Before comparing different models, the first objective would be to divide our data into training and test sets. We do this to get an accurate estimation of how well each model generalizes to new, previously unseen data. Without a separate test set, we risk over fitting our models to the training data, resulting in unrealistic performance predictions that do not reflect real-world applications. By comparing model performance on previously unseen data in the test set, we can assure a fair and accurate comparison of predictive capabilities and choose the model that is most likely to perform well in practice.

set.seed(427)
data_split <- initial_split(earning, prop = 0.65)
train_data <- training(data_split)
test_data  <- testing(data_split)

test_folds <- vfold_cv(train_data, v = 10, repeats = 10)

4.2 Data Preprocessing

In this analysis we are focusing of the weather the data set has a predictive trend so major focus for our dataset would be regarding different parameter of earning due to which data such as game name is not useful for our analysis hence the first thing we would do for the data cleaning would be removing the column.

4.2.1 Data Cleaning

The game name may add extra complexity without improving our knowledge of the general predictability of esports earnings as an industry.
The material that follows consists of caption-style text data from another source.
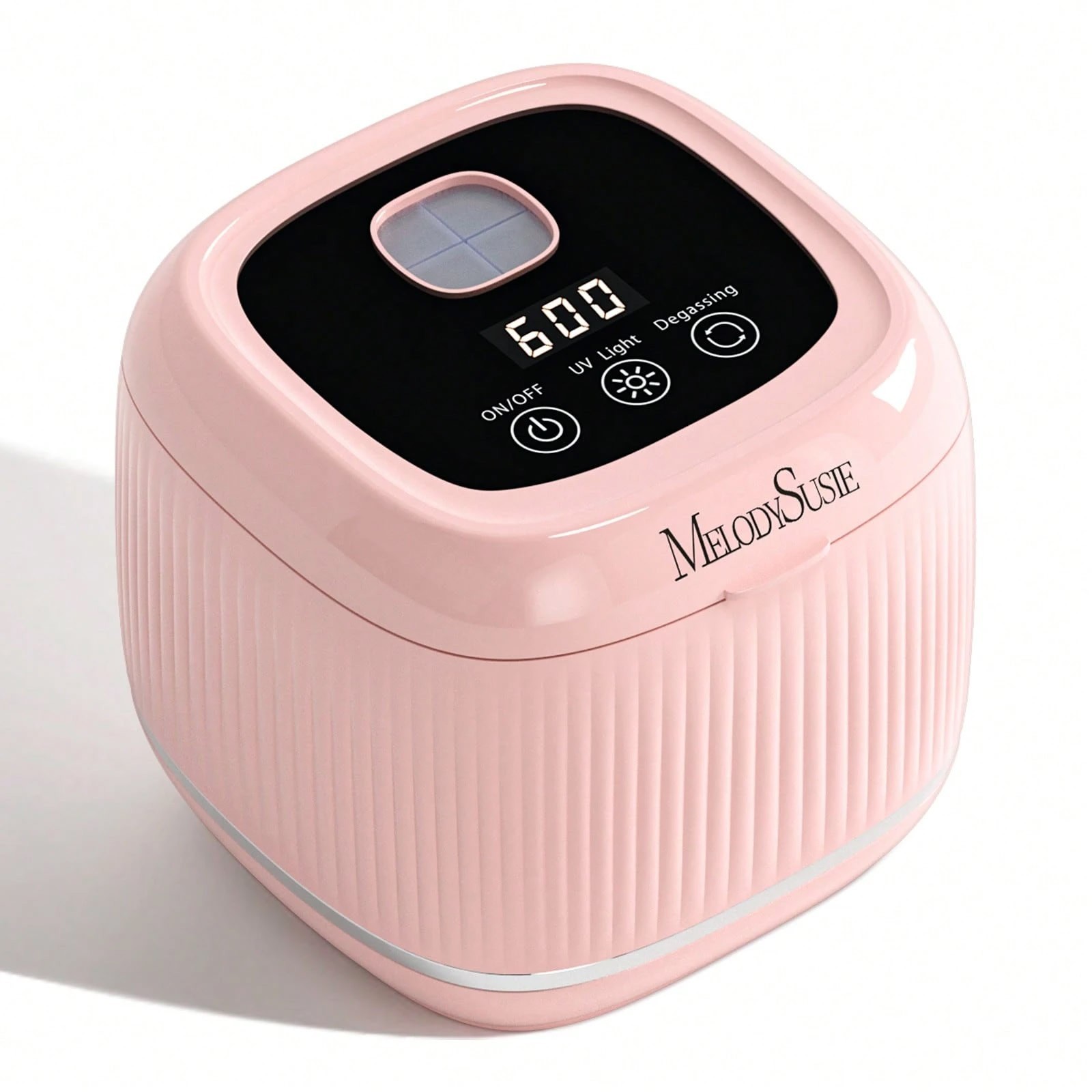 2-in-1 Ultrasonic Cleaner UV Light Jewelry Nail Tool Machine Pink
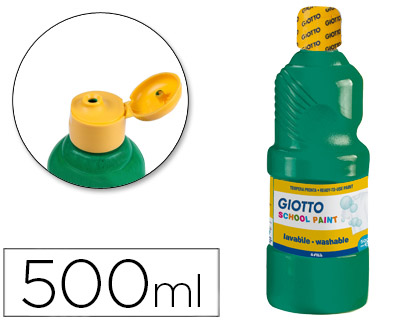 Guache Escolar, 500 ml, Verde
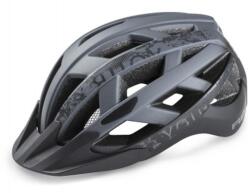 R2 Bukósisak LUMEN ATH18V/L Inmold, ledes, szürke / matt fekete (58 - 62 cm)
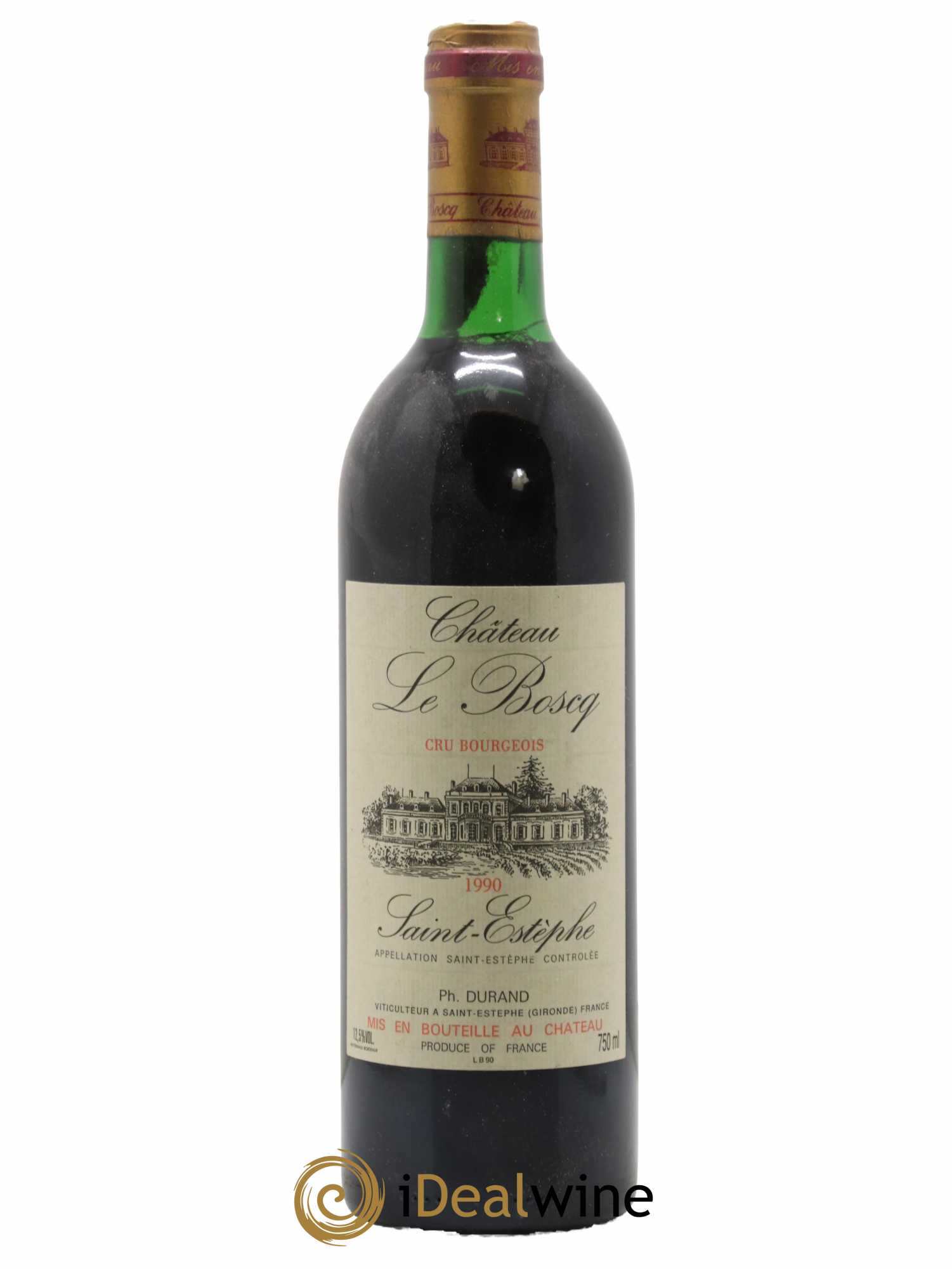 Château le Boscq Cru Bourgeois 1990 - Lot de 1 bouteille - 0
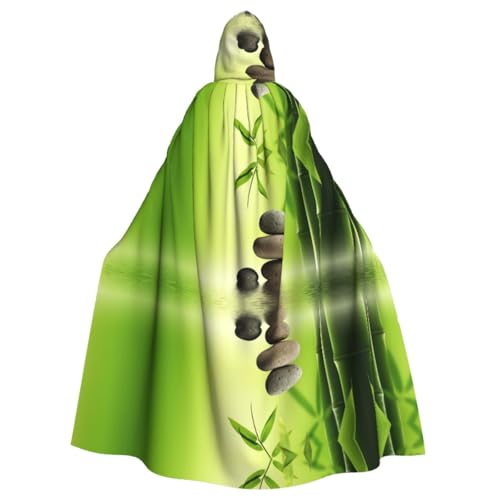 NBSNGSLS Zen Stone Spa Print Kapuzenumhang Kostüm Umhang für Herren Damen Halloween Cosplay von NBSNGSLS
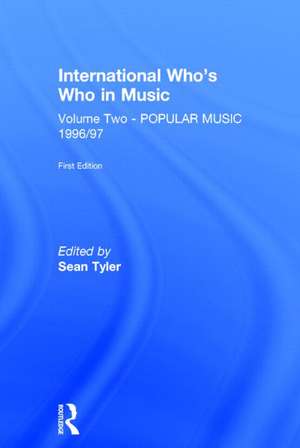 Intl Whos Who Popular Music E1 de Sean Tyler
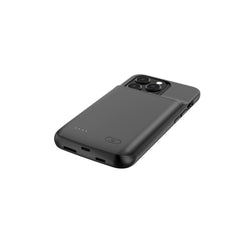 CUSTODIA TECH-PROTECT POWERCASE 4800MAH IPHONE 14 / 14 PRO NERA
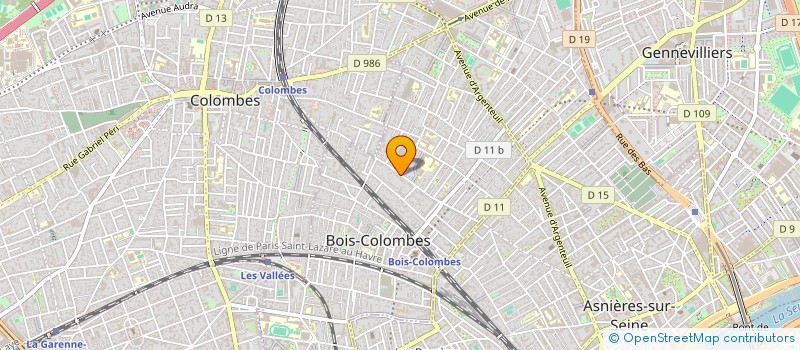 localisation de l'entreprise MONSIEUR JEAN KAZANDJIAN  BOIS-COLOMBES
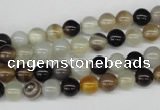 CRO23 15.5 inches 6mm round agate gemstone beads wholesale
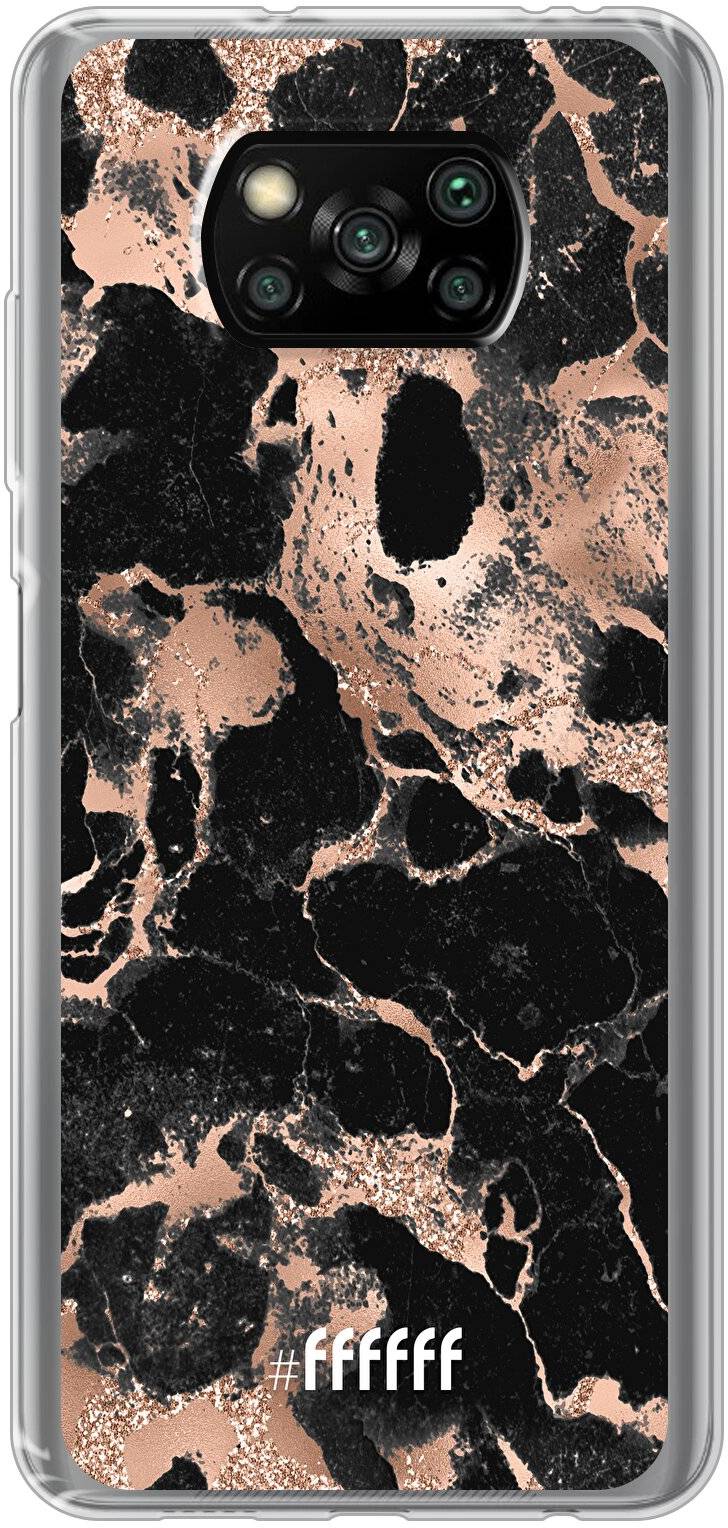 Rose Gold Marble Poco X3 Pro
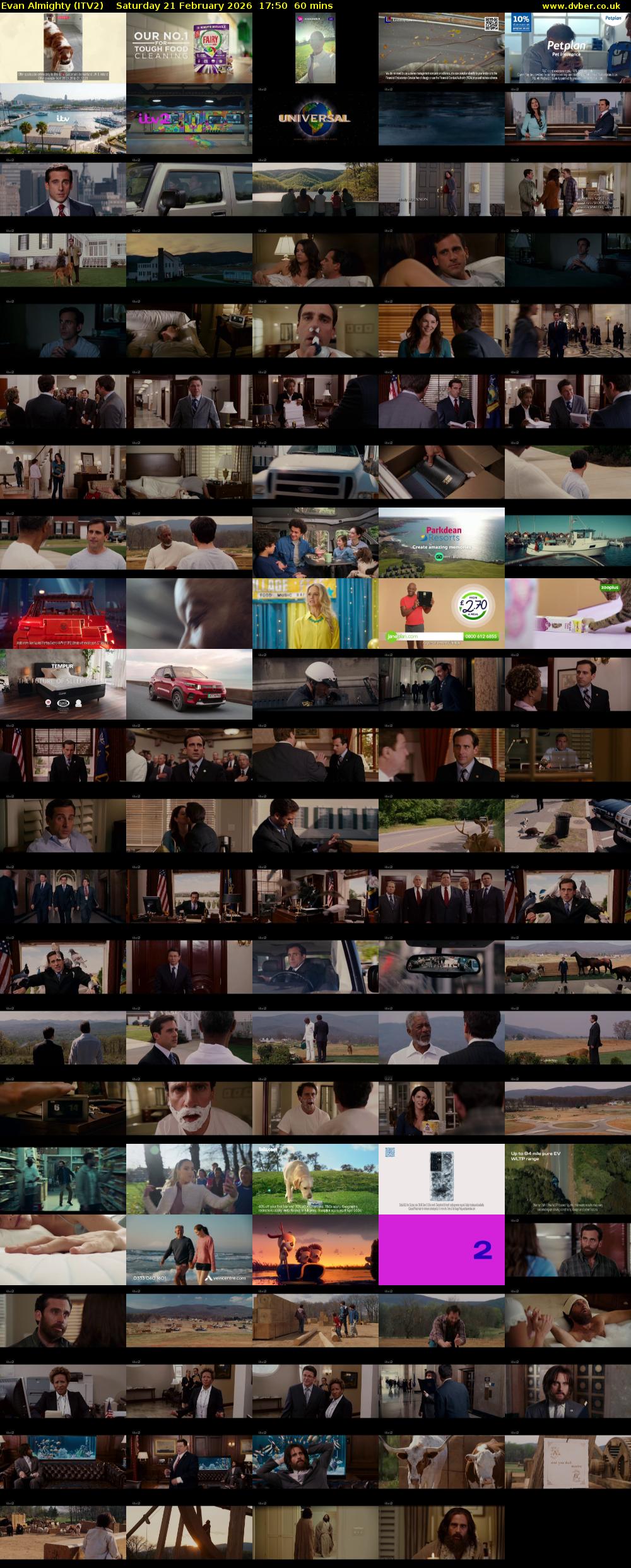 Evan Almighty (ITV2) Saturday 21 February 2026 17:50 - 18:50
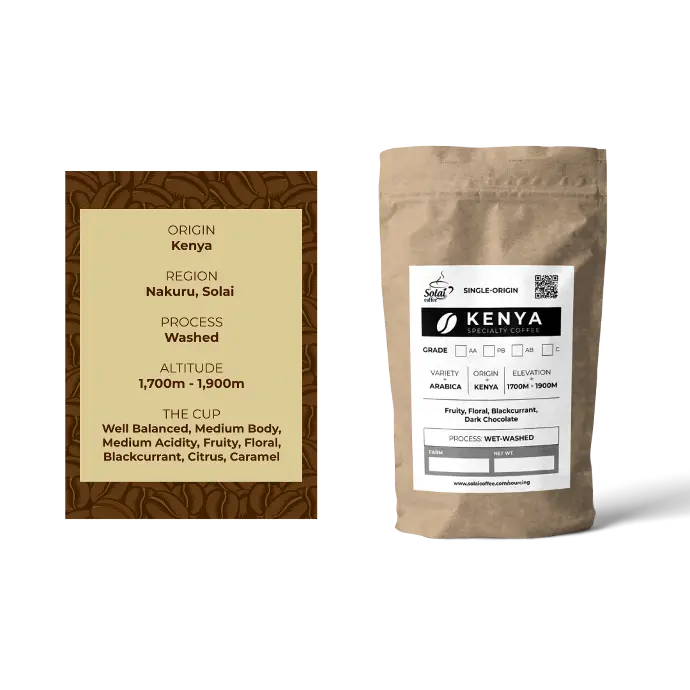 [KNY-GRN-AA-1LB] Kenya Green Beans AA 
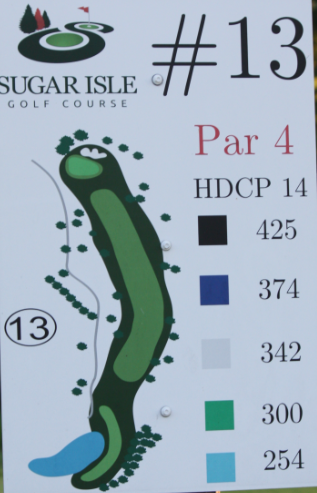 Hole 13 tees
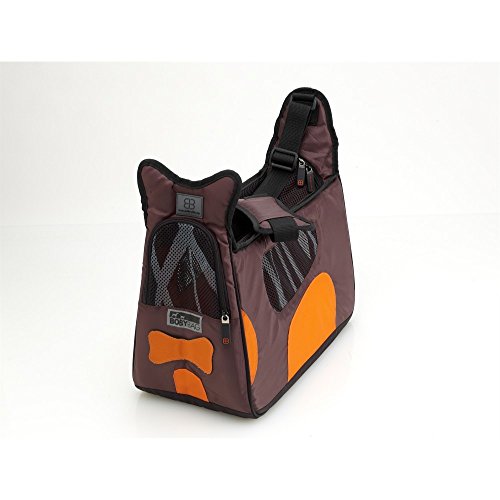 PetEGO Boba FF BO Transporttasche für Haustiere Boby Bag New Forma Rahmen Bambusmuster, braun/orange von Petego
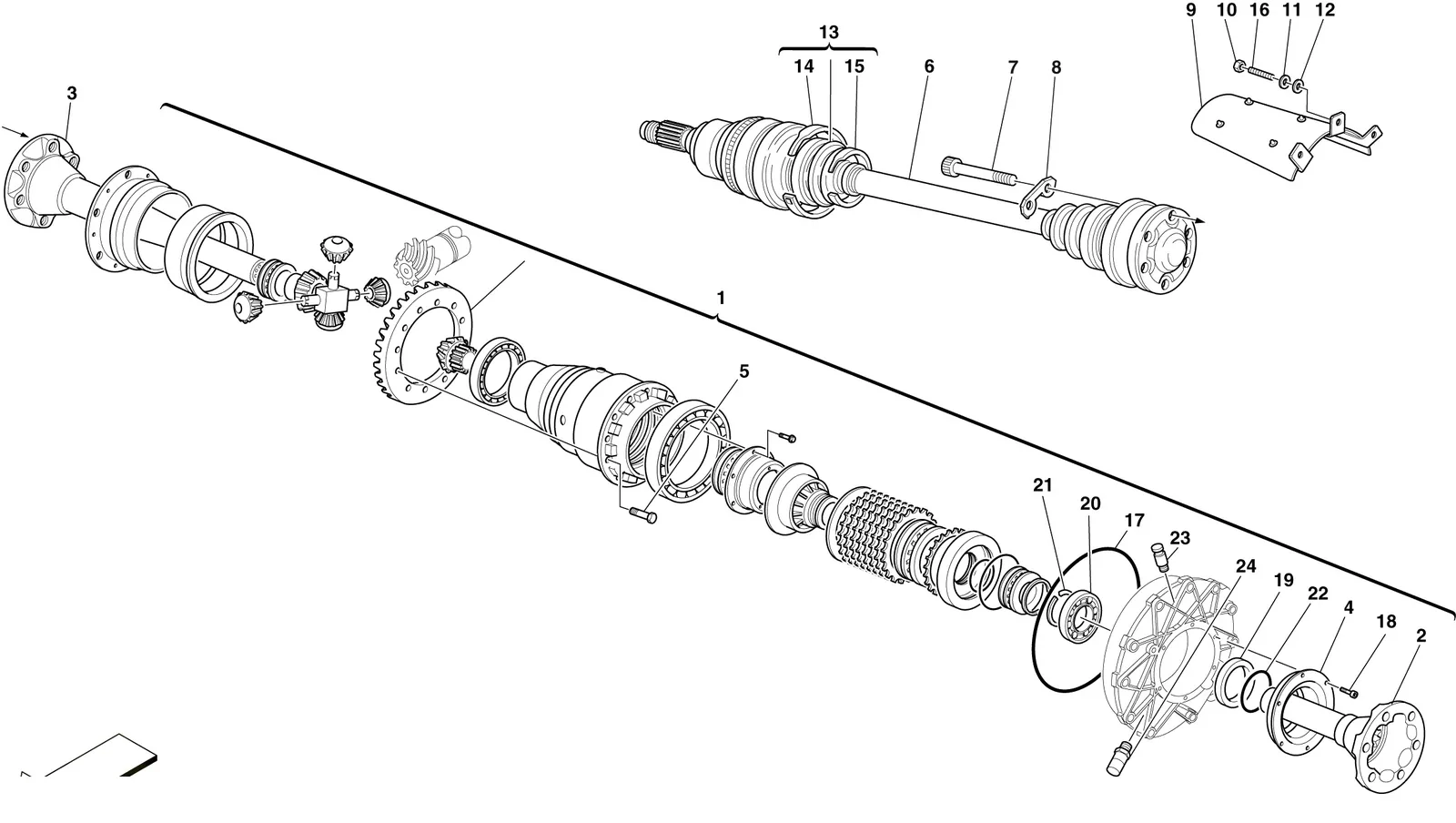 Differential And Axle Shaft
As a result, the first stage in our data cleaning process will be to delete the “Game” column, allowing us to focus on earning-related metrics that are more likely to show predictive trends.

# Remove the Game column
earning <- earning |>
  select(-Game)

Along with deleting the “Game” column, it is critical to resolve any missing data in the dataset. Upon additional analysis, we discovered other fields with “N/A” values. These “N/A” entries denote missing data points, which can cause issue in our study and degrade the performance of our predictive models. To overcome this, we will use imputation techniques to fill in the missing information.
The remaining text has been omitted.